Under the MVR580 million (US$37.6 million) ‘Blue’s Housing Project,’ 210 three-bedroom and 90 two-bedroom apartments are to be constructed in Hulhumale’.
In addition to the housing project, then-President Dr Mohamed Waheed awarded 50 flats to senior police and military officers.
The awarding of 300 flats to police officers was criticised by the opposition Maldivian Democratic Party (MDP) as a continuation of the patronage system established during the 30-year reign of former President Maumoon Abdul Gayoom.
“In the light of extensive exposes, such ‘patronage’ is familiar to voters from the single party dictatorship of Gayoom and I believe they will simply say to each other ‘I told you so’,” MDP MP and Spokesperson Hamid Abdul Ghafoor told Minivan News at the time.
Ghafoor said it was “very concerning” that police should be given flats exclusively instead of teachers, doctors and other civil servants.

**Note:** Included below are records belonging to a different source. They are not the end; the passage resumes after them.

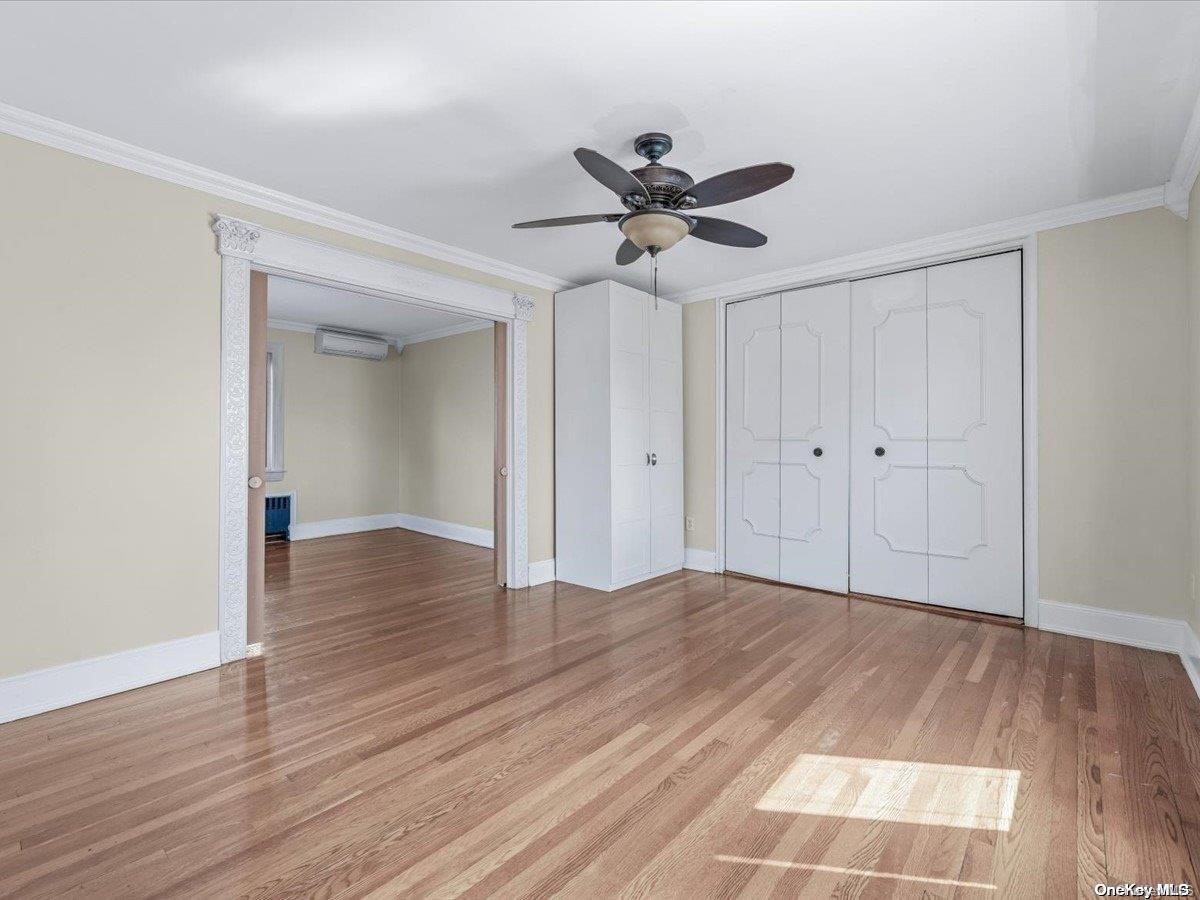 33-71 161st Street Queens, NY 11358 - Photo 12 of 35 a view of empty room with wooden floor and fan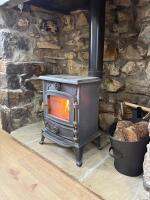 Wood fired log burning stove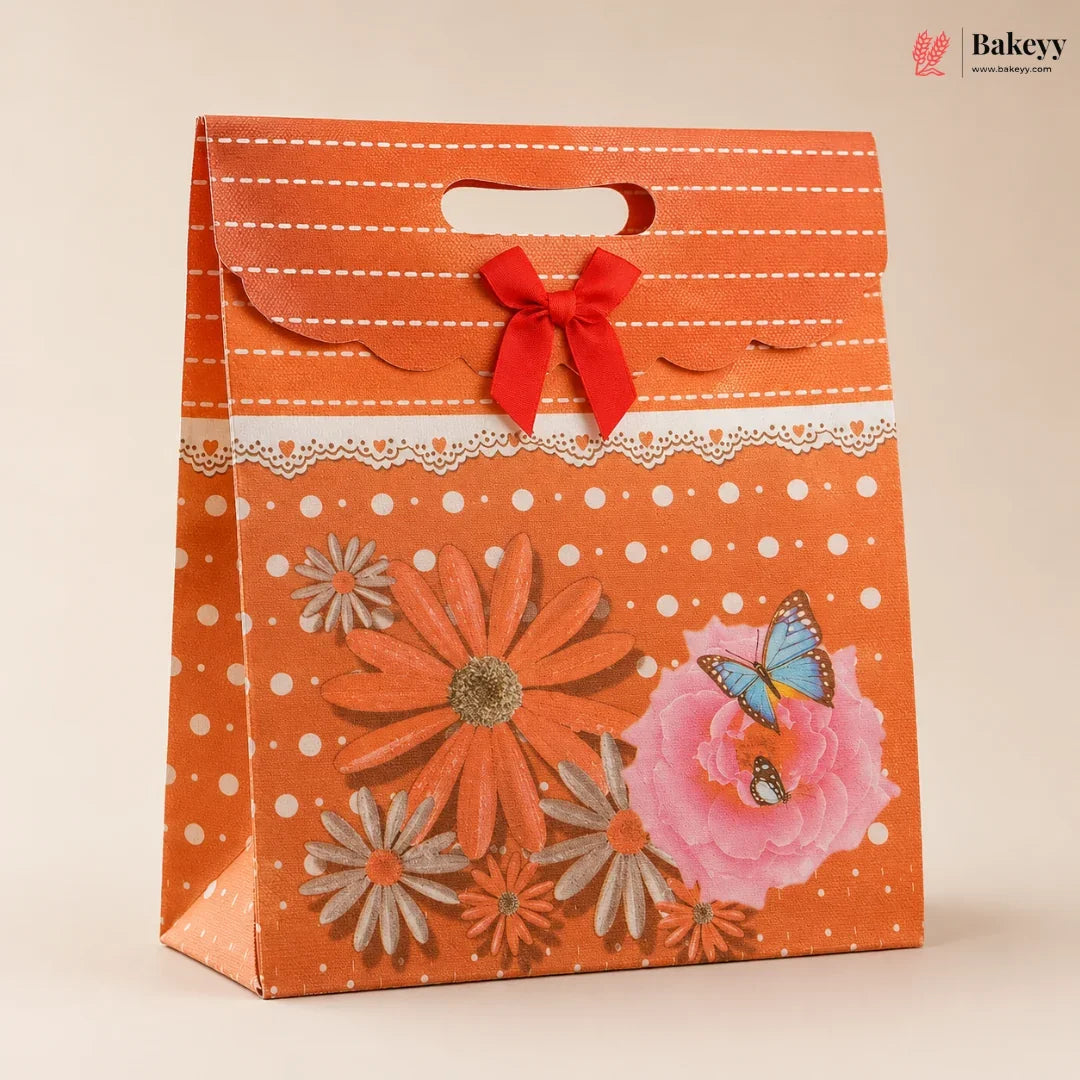 Decorative orange gift bag with floral designs and a red bow on a beige background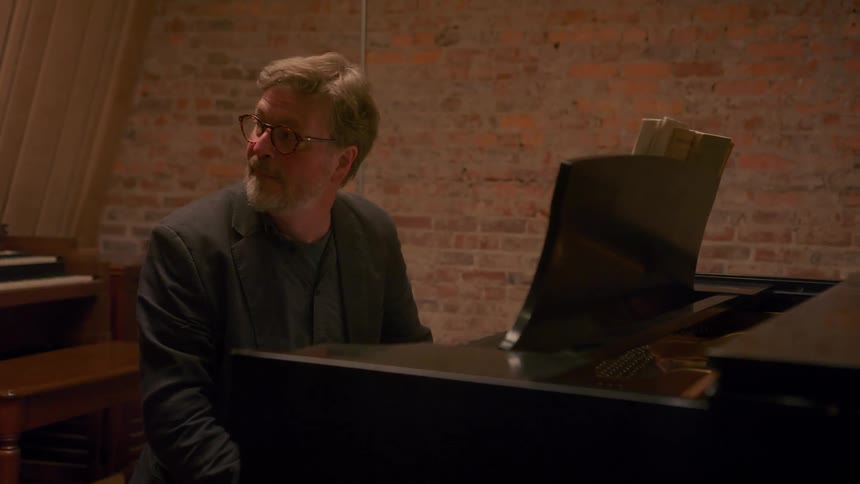 A man playing piano on a stage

He also questioned the selection process for awarding flats.
While some of the officers may have deserved the housing, there was concern that some officers involved in the alleged “coup d’etat” on February 7 had been rewarded with flats, Ghafoor claimed.
Since the controversial transfer of presidential power that brought Dr Waheed to office in February 2012 – in the wake of a violent police mutiny instigated by officers of the Special Operations (SO) command – more than 1000 police officers were promoted, 110 new police officers were hired, arrangements were made for cheap accommodation in Sri Lanka for police officers and their families and a loan scheme was set up for police officers.
In February, President Abdulla Yameen had assured police officers that the construction of the flats would begin in March.
In a visit to the police barracks at Iskandhar Koshi, Yameen said resolving housing issues for police personnel in Malé and the atolls was a high priority of his administration.
The president also said he has personally witnessed the “difficult conditions” that officers were working in the atolls, adding that the government would “prioritise finding an adequate solution” and would strengthen police welfare mechanisms.